Work request
In the listing below, find the line containing "Deluxe Room, Courtyard View" and the line containing "Apartamento para venda". Repeat exactly those two lines and every line between them, nothing more.

Recorded data
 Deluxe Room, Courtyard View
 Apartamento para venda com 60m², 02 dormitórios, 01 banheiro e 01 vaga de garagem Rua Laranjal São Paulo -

---

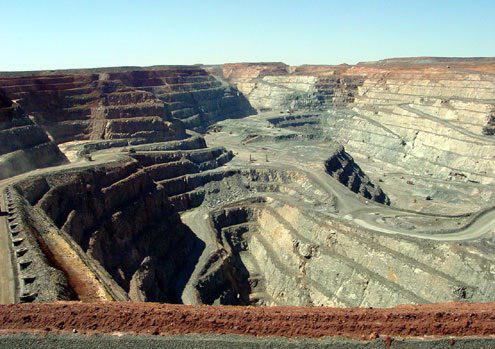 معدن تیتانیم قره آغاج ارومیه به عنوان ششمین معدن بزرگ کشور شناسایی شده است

---

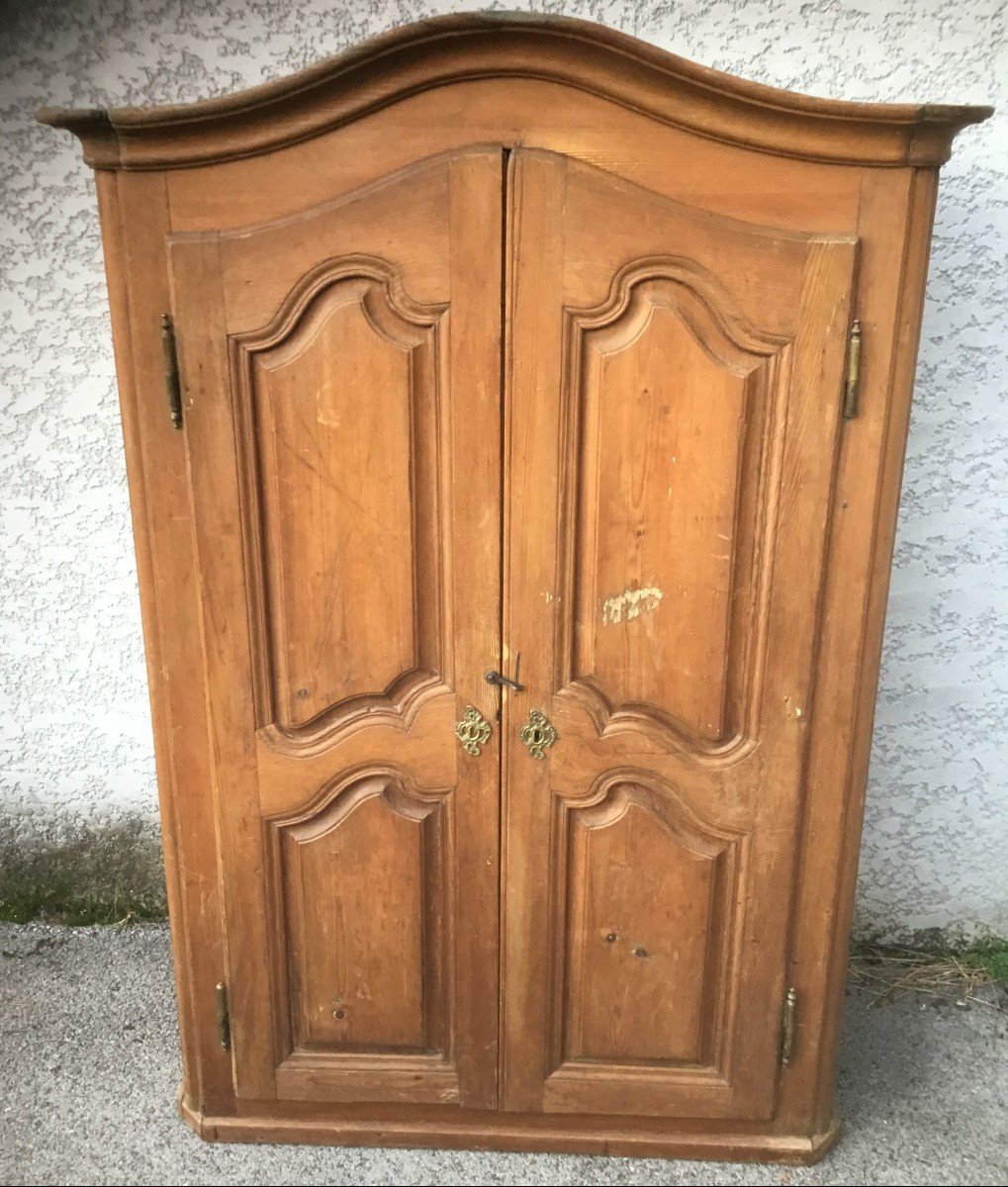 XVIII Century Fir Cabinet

Solution
 Deluxe Room, Courtyard View
 Apartamento para venda com 60m², 02 dormitórios, 01 banheiro e 01 vaga de garagem Rua Laranjal São Paulo -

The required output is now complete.